Top of MATERIAL SHOWN
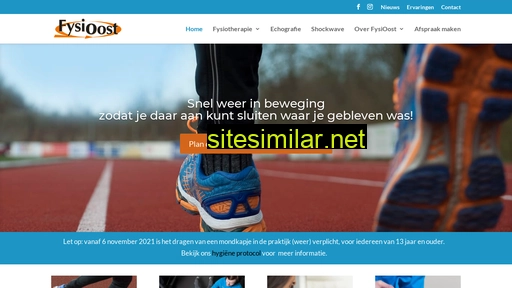 fysioost.nl alternative sites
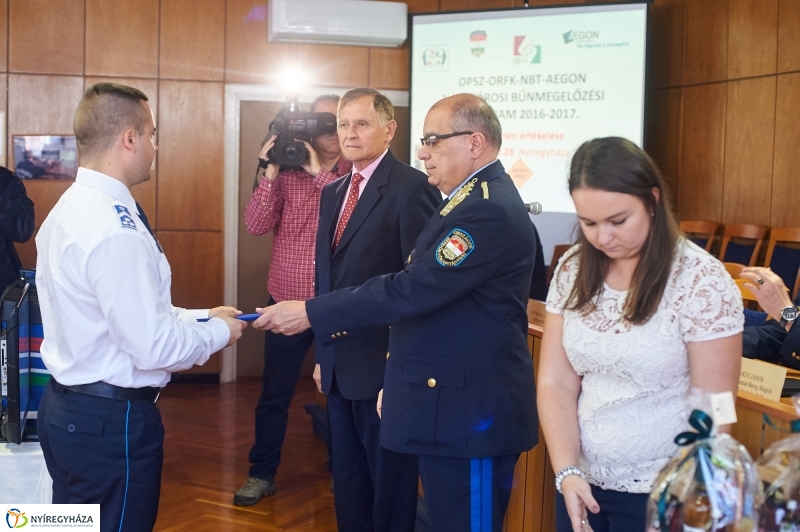 Nagyvárosi bűnmegelőzési program - fotó Szarka Lajos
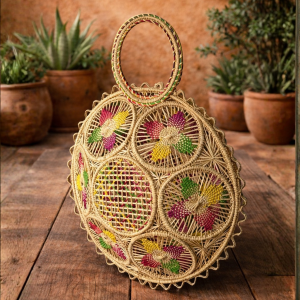 Bolso Panera En Iraca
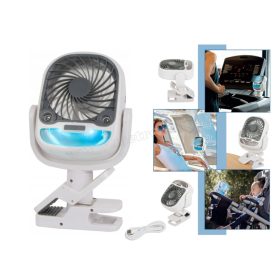 Mini hordozható párásító USB ventilátor M16033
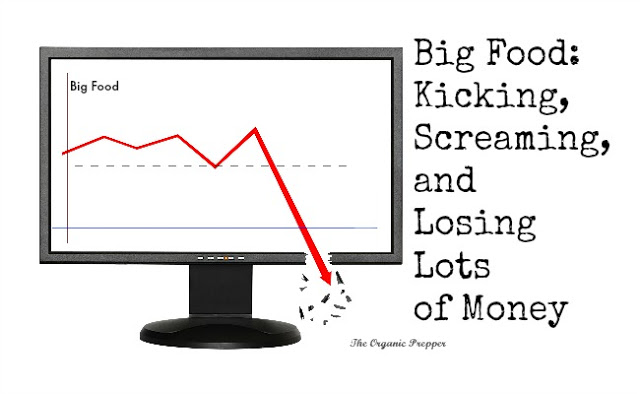 Big Food: Kicking, Screaming, and Losing Lots of Money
Bottom of MATERIAL SHOWN
YOUR OBJECTIVE → Beginning with the line holding "Nagyvárosi bűnmegelőzési program", copy each line exactly through the end of the records above, and leave every picture out.

RESPONSE AREA →
 Nagyvárosi bűnmegelőzési program - fotó Szarka Lajos
 Bolso Panera En Iraca
 Mini hordozható párásító USB ventilátor M16033
 Big Food: Kicking, Screaming, and Losing Lots of Money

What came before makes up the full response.